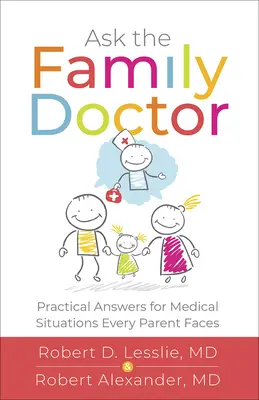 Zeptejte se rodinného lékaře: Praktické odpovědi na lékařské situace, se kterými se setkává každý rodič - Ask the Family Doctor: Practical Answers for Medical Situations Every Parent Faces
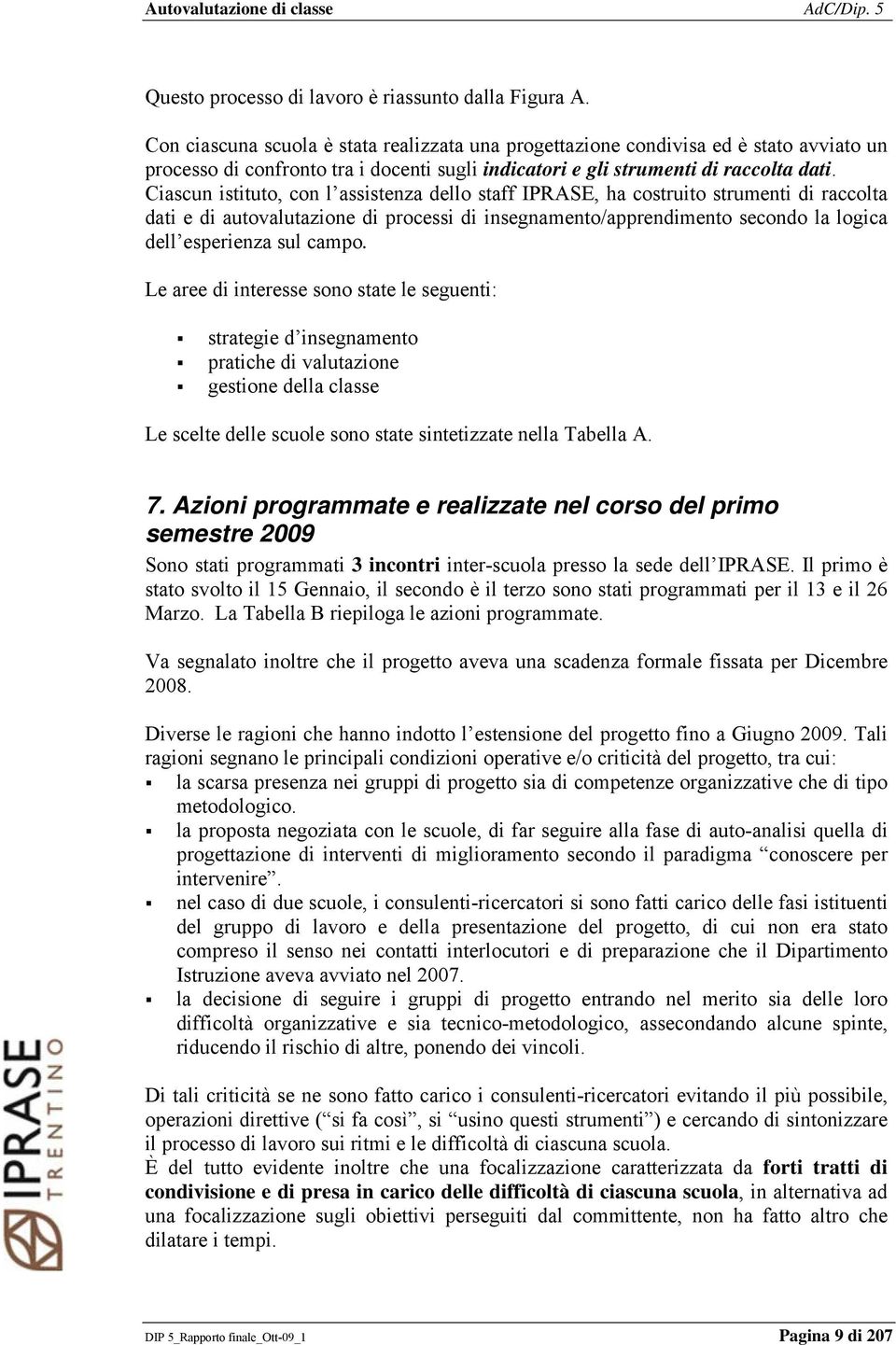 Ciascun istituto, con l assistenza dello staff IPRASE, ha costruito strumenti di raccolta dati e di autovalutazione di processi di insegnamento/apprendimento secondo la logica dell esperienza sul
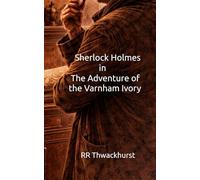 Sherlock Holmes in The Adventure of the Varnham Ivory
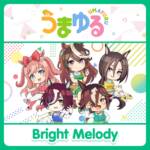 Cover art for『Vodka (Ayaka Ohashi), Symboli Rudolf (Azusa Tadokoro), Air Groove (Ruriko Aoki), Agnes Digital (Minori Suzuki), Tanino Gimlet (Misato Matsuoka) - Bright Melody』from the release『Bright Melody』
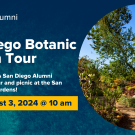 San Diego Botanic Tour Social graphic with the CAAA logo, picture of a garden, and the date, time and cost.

**TASK DESCRIPTION**.
Could you copy every record above exactly, leaving out the pictures?

**EXERCISE SOLUTION**.
 Zeptejte se rodinného lékaře: Praktické odpovědi na lékařské situace, se kterými se setkává každý rodič - Ask the Family Doctor: Practical Answers for Medical Situations Every Parent Faces
 Ciascun istituto, con l assistenza dello staff IPRASE, ha costruito strumenti di raccolta dati e di autovalutazione di processi di insegnamento/apprendimento secondo la logica dell esperienza sul
 Sherlock Holmes in The Adventure of the Varnham Ivory
 Cover art for『Vodka (Ayaka Ohashi), Symboli Rudolf (Azusa Tadokoro), Air Groove (Ruriko Aoki), Agnes Digital (Minori Suzuki), Tanino Gimlet (Misato Matsuoka) - Bright Melody』from the release『Bright Melody』
 San Diego Botanic Tour Social graphic with the CAAA logo, picture of a garden, and the date, time and cost.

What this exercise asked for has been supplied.